Archbishop Peter Akinola of Nigeria kept up his high profile attack this
week, saying the leadership of the U.S. branch of the Worldwide Anglican
Communion was "insulting and condescending" to the church at large.
"The decisions, actions, defiance and continuing intransigence of the
Episcopal Church are at the heart of our crisis," he told Rowan
Williams, the Archbishop of Canterbury and titular leader of the
77-million-member global church.
"They are determined to pursue their own unbiblical agenda and
exacerbate our current divisions," he said in a letter to Williams, who
had asked him to stay out of the United States and not participate in a
ceremony last Saturday in Virginia.
Akinola ignored the plea from Williams and an earlier one from the
presiding bishop of the Episcopal Church, Katharine Jefferts Schori. He
carried out the ceremony in which Bishop Martyn Minns, an Episcopalian,
was installed as head of a new Nigerian-based church branch designed as
a refuge for orthodox American believers.
The 2.4 million-member Episcopal Church has been splintered since 2003,
when it consecrated Gene Robinson of New Hampshire as the first openly
gay bishop in more than 450 years of Anglican church history.
Some congregations have already placed themselves under the jurisdiction
of conservative bishops in Africa and elsewhere. The Episcopal Church
has said that only 45 out of more than 7,400 congregations have voted to
break away.
Akinola is a defender of traditional Christianity and a leader of the
Anglican Communion's "Global South," churches in Africa, Asia and Latin
America that now account for half of the world's Anglican church
membership.
No Strong Central AuthorityAkinola's action "seems to lay out a claim
that he has a better sense than the Archbishop of Canterbury, and that's
a bold claim," said Mark Sisk, the Episcopal Bishop of New York.
Last week's events are more than just another tremor on an existing
fault line, Sisk said in an interview, and what may be very significant
is that the Archbishop of Canterbury tried to stop Akinola.

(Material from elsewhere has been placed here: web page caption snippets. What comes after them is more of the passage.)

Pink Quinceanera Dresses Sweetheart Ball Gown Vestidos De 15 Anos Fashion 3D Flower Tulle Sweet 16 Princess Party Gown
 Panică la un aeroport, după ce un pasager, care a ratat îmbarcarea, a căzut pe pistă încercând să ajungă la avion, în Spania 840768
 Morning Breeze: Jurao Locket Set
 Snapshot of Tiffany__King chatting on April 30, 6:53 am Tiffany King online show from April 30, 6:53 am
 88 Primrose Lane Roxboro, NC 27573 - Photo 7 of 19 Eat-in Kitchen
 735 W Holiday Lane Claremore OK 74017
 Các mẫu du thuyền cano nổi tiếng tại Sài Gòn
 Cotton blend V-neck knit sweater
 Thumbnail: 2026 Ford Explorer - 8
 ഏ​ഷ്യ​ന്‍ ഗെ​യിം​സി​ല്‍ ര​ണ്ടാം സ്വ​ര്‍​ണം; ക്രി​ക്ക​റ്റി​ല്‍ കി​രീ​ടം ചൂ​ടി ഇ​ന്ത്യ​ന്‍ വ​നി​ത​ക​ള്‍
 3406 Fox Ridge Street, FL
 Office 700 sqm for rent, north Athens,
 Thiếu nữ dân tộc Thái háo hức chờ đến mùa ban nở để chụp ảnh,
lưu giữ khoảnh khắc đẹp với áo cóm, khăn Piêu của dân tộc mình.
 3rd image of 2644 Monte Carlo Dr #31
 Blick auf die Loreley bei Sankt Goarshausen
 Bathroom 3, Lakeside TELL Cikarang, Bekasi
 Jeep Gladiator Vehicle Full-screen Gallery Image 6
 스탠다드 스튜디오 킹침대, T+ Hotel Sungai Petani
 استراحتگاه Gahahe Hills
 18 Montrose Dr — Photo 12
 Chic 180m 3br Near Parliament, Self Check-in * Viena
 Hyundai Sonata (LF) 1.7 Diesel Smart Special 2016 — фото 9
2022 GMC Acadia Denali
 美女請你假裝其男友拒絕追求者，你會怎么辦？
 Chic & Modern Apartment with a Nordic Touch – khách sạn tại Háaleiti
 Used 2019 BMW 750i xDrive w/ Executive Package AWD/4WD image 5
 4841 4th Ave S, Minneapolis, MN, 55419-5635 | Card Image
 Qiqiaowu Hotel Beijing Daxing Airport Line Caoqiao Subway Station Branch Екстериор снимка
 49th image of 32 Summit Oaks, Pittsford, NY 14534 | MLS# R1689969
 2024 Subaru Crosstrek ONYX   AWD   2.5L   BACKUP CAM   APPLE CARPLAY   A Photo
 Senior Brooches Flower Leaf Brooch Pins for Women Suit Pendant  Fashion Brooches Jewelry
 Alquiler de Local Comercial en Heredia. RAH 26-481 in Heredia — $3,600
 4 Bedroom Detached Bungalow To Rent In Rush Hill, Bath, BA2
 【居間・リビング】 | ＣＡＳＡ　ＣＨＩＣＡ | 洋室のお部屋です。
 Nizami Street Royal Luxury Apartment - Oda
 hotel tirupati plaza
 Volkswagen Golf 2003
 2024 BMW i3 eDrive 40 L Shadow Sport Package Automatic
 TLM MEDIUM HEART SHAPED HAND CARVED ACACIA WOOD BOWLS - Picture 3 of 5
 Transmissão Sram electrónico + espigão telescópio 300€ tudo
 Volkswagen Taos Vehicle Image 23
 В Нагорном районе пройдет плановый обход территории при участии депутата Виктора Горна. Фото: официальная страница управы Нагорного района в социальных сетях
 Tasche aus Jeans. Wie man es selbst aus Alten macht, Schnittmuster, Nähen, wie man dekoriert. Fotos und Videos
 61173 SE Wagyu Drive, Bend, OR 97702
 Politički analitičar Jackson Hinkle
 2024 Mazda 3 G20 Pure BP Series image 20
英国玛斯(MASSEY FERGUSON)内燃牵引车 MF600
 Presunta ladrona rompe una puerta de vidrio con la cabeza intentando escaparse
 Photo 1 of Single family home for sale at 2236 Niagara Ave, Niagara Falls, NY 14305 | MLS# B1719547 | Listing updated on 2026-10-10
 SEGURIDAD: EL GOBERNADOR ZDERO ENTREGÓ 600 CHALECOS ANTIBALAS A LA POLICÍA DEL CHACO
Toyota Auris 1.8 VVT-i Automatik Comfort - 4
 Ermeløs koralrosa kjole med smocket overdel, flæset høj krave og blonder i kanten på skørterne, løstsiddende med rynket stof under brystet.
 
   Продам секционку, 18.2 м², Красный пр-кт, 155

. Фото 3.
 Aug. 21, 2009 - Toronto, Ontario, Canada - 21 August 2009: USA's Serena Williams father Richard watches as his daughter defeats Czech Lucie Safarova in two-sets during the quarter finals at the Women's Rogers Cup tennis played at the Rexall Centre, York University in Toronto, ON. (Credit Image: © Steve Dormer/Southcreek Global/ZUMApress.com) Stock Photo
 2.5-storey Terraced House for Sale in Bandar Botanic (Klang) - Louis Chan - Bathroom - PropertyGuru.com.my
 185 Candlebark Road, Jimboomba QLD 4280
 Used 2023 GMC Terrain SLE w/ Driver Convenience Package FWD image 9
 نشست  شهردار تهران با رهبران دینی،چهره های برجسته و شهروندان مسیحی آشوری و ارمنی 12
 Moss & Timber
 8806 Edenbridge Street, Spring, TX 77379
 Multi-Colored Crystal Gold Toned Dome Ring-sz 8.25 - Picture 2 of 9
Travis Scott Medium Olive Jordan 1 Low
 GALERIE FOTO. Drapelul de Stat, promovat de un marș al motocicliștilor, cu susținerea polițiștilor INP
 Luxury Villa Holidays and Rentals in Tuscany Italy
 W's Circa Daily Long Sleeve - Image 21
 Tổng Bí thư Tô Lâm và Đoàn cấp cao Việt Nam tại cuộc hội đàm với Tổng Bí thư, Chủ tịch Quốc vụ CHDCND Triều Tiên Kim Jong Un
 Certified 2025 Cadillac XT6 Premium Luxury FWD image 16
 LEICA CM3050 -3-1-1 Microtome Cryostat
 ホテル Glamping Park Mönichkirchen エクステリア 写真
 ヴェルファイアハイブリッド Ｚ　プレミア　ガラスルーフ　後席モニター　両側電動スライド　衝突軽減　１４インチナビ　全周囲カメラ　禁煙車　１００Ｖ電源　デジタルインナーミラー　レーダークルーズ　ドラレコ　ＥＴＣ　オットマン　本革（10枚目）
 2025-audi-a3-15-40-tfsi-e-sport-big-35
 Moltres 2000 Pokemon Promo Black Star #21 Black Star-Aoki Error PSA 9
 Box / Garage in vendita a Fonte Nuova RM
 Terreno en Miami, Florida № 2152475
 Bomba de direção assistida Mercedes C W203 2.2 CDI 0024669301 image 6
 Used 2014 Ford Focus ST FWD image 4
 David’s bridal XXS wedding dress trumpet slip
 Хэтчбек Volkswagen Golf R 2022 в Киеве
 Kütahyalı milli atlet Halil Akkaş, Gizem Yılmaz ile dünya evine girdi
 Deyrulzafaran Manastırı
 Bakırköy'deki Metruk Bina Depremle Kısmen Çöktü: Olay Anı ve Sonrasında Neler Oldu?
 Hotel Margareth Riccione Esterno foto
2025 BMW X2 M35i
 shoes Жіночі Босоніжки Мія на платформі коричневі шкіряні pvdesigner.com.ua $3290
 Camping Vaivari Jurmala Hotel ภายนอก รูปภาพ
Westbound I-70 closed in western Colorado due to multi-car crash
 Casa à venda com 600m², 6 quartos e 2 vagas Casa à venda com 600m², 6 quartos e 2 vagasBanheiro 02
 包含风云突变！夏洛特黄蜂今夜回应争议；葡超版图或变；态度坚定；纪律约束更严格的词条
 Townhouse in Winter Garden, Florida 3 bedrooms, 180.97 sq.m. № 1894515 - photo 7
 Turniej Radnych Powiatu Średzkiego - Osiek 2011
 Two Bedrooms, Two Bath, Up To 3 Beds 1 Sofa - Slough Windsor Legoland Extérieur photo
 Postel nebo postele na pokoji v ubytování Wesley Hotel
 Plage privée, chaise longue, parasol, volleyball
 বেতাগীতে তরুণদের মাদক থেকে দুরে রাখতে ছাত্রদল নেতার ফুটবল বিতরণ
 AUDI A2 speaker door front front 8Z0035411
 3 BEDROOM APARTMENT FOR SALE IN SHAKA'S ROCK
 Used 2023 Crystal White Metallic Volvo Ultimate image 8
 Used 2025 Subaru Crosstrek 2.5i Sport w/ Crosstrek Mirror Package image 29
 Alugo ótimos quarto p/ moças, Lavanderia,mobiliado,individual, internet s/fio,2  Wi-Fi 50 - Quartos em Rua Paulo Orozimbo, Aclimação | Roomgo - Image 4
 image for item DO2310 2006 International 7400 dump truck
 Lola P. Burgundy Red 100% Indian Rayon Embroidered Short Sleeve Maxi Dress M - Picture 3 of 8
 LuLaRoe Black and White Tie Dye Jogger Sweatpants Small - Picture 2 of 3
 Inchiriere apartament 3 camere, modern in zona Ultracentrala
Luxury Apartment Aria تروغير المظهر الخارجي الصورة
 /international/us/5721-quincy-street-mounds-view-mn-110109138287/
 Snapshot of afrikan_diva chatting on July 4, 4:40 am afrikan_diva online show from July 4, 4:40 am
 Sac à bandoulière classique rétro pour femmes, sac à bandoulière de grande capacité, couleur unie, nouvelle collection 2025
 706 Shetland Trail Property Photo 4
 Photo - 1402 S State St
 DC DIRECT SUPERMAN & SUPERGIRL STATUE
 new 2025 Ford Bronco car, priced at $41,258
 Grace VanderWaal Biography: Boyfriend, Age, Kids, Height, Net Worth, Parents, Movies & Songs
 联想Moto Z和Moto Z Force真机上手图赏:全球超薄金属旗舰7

His is "a new public voice in this and welcome from my prospective,"
Sisk said.
Williams earlier agreed to come to the United States in September to
meet with the Episcopal bishops when they again meet to wrestle with
such issues as gay bishops and the blessing of same-sex unions -- both
of which are opposed by the Anglican church at large.
Unlike the Roman Catholic Church, Anglicans are organized more as a
federation of national churches without hierarchical lines of authority.
It would be hard to say that Akinola's action is unprecedented, added
the Rev. Ian Douglas, professor of world mission and global Christianity
at the Episcopal Divinity School in Cambridge, Mass.
Over the years, he said, bishops have often taken "personal initiative"
trying to balance "the relation between their own church and their roles
and responsibilities, interests and concerns in the wider Anglican
Communion," he told Reuters.
"That's not an easy negotiation," he added. "We're trying to hold
together two realities that just by definition have tension -- the local
and the global."
There is no "strong central agency that has the authority and the power
to compel anything across the Communion. ... We are neither as
centralized as the Roman Catholic Church nor as de-centralized" as some
others, he added.
The conservative American Anglican Council called last week's
development "a high point in North American Anglicanism."
"The energy and zeal of the Church of Nigeria have come to the U.S. and
we pray that the result will be a re-strengthening of the historic,
biblical Anglican faith in this nation after decades of accelerating
moral and theological decline in the Episcopal Church," said Canon David
Anderson, a leader of the group.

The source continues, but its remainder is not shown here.